Nous avons commis une terrible, une monstrueuse erreur." L’aveu du P.-D.G. de la JPMorgan Chase, qui a essuyé une perte cruelle de 2 milliards de dollars, accumulée au cours des six dernières semaines, est d’autant plus édifiant que celle-ci provient de l’enchaînement irréfléchi d’opérations de couverture à risque. Précisément, celles que les banquiers de la planète juraient la main sur le cœur de ne plus opérer, après l’hémorragie de capitaux qu’elles avaient suscitée. Cinq ans à peine après le début de la crise financière, les mêmes pratiques irresponsables refont surface. Les banquiers - qui engagent l’épargne des particuliers - continuent à "jouer" des sommes astronomiques et à prendre des positions inconsidérées. Jusqu’à ce que le piège finisse par se refermer sur eux, au risque de tout emporter.

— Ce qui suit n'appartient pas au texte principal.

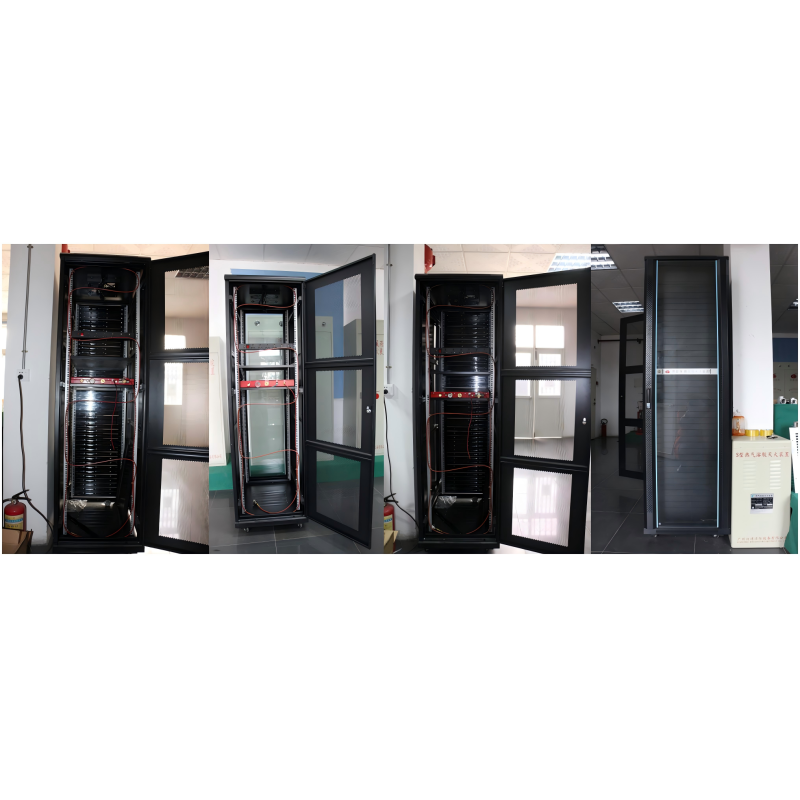 Compact FM200 Fire System With Automatic Detection For Server Cabinet Protection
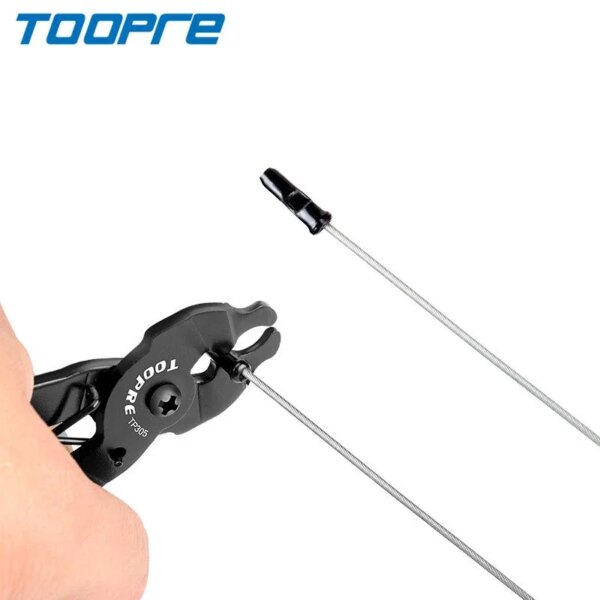 TOOPRE-Alicates de eslabón rápido para cadena negra de bicicleta, piezas de acero Iamok para bicicleta, herramienta de tapa trasera de Cable de enlace rápido de 40g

JPMorgan avait été la seule grande banque américaine à rester bénéficiaire lors de la crise de 2008. Fort de cette réputation, son patron Jamie Dimon s’était fait le chantre inconditionnel de l’antirégulation et le farouche opposant du contrôle renforcé des banques. Il tombe aujourd’hui de haut ! Et il ne fera pas croire que la fraude qui l’affecte relève d’une simple erreur d’exécution

Décidément, après Jérôme Kerviel, antihéros de la Société générale en 2008, et Fabrice Tourre, courtier au "service" de Goldman Sachs, les traders français ont sublimé le "casino banking". Bruno Michel Iksil, dit "Voldemort" ou "la baleine de Londres", était jugé "audacieux". A l’instar de ses compères, il n’a pu agir "seul".

La supervision des banques et le strict contrôle des pratiques ont été approuvés sur papier, mais les combats d’arrière-garde et le lobbying du secteur les ont vidés d’une part de leur substance. On en mesure aujourd’hui les conséquences.